Famously plucked from the Gollancz slush pile and now adorned with the kind of word of mouth and marketing spend that would make more established authors jealous, The Somnambulist is the first novel by Jonathan Barnes. Set in a Fantastical Victorian London reminiscent of that of Alan Moore’s League of Extraordinary Gentlemen, the book is intended as a knowingly over-the-top romp full of murder, mystery, magic and mayhem but is, in truth, a work of considerable cynicism and unbridled laziness.
Edward Moon is a stage magician and a private investigator. Once the toast of London Society for his astonishing show and feats of detection, Moon is now a dejected shadow of the man he once was. Facing tumbling receipts and shame from his last botched case, he has taken to bouts of Holmesian boredom and twenty-first century ennui. However, rather than turn to cocaine, Moon has developed a taste for deformed prostitutes much to the distaste of his housekeeper and the Somnambulist, the eight-foot mute with strange powers who serves as his assistant. However, when the bodies of rich men start turning up, Moon senses a case worthy of his skills. That is until it becomes clear that there is considerably more afoot than murder most foul and Moon gets forced into helping out a shadowy government organisation known as the Directorate in their battle to stop an evil law firm bent on bringing Colleridge’s political dream of pantisocracy to life in the middle of London.

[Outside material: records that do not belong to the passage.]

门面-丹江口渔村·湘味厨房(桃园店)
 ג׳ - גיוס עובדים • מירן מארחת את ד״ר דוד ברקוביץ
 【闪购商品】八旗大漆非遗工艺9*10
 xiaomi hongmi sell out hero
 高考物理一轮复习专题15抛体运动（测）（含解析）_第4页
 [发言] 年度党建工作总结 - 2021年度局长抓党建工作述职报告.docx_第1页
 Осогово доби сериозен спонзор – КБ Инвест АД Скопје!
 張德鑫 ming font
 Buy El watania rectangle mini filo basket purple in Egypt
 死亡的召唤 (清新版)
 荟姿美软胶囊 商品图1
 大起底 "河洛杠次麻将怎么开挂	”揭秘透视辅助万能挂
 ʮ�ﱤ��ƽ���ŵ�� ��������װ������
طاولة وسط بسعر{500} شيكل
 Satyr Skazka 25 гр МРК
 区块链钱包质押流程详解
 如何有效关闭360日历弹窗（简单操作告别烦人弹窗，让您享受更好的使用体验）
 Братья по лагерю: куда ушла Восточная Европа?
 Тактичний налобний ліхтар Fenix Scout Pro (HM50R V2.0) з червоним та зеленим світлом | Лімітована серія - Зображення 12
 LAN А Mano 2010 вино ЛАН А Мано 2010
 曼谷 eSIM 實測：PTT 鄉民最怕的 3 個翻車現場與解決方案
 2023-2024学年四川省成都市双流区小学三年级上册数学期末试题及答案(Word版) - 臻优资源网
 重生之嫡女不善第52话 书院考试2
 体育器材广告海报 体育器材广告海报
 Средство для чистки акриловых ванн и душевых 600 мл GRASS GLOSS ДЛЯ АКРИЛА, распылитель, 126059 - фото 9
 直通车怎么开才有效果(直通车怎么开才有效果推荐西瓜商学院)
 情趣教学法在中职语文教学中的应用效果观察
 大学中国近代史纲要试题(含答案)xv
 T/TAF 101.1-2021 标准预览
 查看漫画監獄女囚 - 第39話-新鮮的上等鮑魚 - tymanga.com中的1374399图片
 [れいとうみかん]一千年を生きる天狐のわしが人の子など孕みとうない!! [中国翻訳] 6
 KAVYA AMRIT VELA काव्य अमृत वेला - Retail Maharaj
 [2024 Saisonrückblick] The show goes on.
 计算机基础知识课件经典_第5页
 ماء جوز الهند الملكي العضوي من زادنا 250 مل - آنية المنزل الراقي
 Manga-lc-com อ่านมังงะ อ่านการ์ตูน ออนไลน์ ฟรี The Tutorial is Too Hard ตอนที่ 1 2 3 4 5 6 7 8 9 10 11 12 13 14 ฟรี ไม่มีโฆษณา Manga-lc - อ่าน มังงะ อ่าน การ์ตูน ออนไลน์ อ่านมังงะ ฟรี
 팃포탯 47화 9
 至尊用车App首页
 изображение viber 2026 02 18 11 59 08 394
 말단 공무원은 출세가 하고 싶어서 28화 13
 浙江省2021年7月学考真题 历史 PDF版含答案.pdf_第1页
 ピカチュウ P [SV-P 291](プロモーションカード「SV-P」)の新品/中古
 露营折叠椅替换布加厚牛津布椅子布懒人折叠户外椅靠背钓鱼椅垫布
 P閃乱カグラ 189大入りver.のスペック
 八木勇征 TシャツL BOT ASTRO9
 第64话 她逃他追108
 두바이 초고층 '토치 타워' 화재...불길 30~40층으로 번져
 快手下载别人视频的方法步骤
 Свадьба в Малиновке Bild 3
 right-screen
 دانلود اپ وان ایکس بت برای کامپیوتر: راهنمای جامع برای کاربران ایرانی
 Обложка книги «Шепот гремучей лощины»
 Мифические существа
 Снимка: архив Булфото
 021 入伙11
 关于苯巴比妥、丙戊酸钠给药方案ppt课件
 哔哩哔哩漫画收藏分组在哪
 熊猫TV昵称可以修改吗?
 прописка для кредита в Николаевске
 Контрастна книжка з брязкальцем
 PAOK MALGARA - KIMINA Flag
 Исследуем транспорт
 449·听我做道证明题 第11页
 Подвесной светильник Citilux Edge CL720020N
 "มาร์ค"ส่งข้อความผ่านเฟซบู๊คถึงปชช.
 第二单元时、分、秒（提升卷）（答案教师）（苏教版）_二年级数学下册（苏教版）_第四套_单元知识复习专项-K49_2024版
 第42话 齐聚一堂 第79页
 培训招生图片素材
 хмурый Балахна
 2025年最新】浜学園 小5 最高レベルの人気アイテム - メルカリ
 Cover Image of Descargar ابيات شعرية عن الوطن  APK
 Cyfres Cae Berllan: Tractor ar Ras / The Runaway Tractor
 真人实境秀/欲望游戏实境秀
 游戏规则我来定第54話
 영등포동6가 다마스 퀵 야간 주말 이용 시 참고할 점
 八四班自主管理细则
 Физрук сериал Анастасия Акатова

The first third of the book is devoted to a study of the character of the engaging and sympathetic Edward Moon. As with Christopher Priest’s The Prestige (1995) and Neil Burger’s film The Illusionist (2006), Barnes’ stage magician stands between two worlds. A successful stage magician is one who is able to pass himself off as a latter-day Prospero by harking back to a pre-scientific age of wonder and miracle. However, this effect is only made possible by drawing upon knowledge of the real and very much scientific worlds of engineering and psychology. However, unlike the characters in The Illusionist and The Prestige, Moon is not a scientist. In fact, his magic show appears to be entirely dependent upon the Somnambulist’s decidedly real ability to be impaled on a sword without feeling any ill effects whatsoever. Indeed, unlike the characters from the works of Moore, Priest or Burger, Moon’s modernity is more psychological than philosophical.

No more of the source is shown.